Pictured: Paul takes great pleasure and pride in his photography of all parts of society in Guernsey. Credit: Paul Chambers.
Paul continues to attend AA meetings weekly, partly because he remembers the encouragement he once drew from people who had been a long time dry, and he hopes to help other alcoholics see that there can be a journey of recovery ahead of them.
In difficult moments – "when I need to let go of the destructive parts of my life" – he finds comfort in the words of Springsteen: "We all have our broken pieces. Emotionally, spiritually, in this life nobody gets away unhurt.
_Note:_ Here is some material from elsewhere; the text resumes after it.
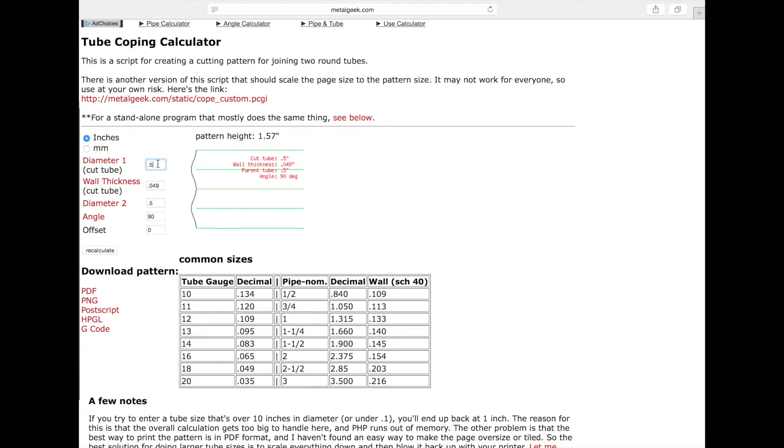The way you use it is just input your tubing size. Diameter one is the tube you're actually going to cope. Diameter two is the tube you're going to cope to — in other words, you're not going to cut it, you're going to cut diameter one. For this example, we'll use 3/4 inch, wall thickness 0.049, and diameter two we'll say is 7/8 inch at 90 degrees. That's about all you have to do. Then watch as I hit recalculate — the pattern will change.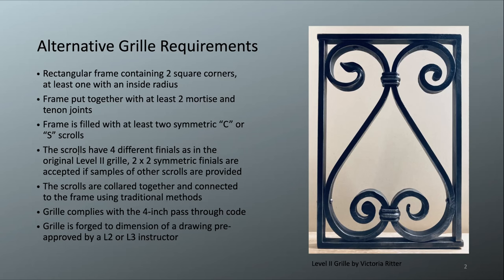The next requirement is that the scrolls have four different finials. As in the original design, you can change up those finials. Victoria here has put in the blown-over beveled leaf, the snub, the ribbon, and the half penny. You could mix those up as you like in your own design, add more scrolls, or have two-by-two symmetric finials — for example, two blown-over beveled leaves at the top and two half pennies at the bottom. You can also present additional scrolls to show that you can forge those finials; they don't need to be in the grill itself.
We're always trying to find somebody whose broken pieces fit with our broken pieces, and something whole emerges…I found this with Sarah…Life's mysteries remain and deepen, its answers unresolved.
"So, I walk on through the dark because that's where the next morning is. And I guess that's where the connection is with recovery and photography. Something happens between an addict and the darkness which is similar to the process of developing photographs, the way we did it before the digital age. The photograph, as it was printed in the darkroom, became visible, bit by bit. As you walk on through the darkness of living, a day at time, the same chemical process takes place. The inner chambers of the soul are like the photographer's darkroom; like a laboratory. One cannot stay there all the time or it becomes the solitary cell of the neurotic. Like the pictures I make, eventually I have to leave the darkness and walk into the light, the beginning, and know it for the first time."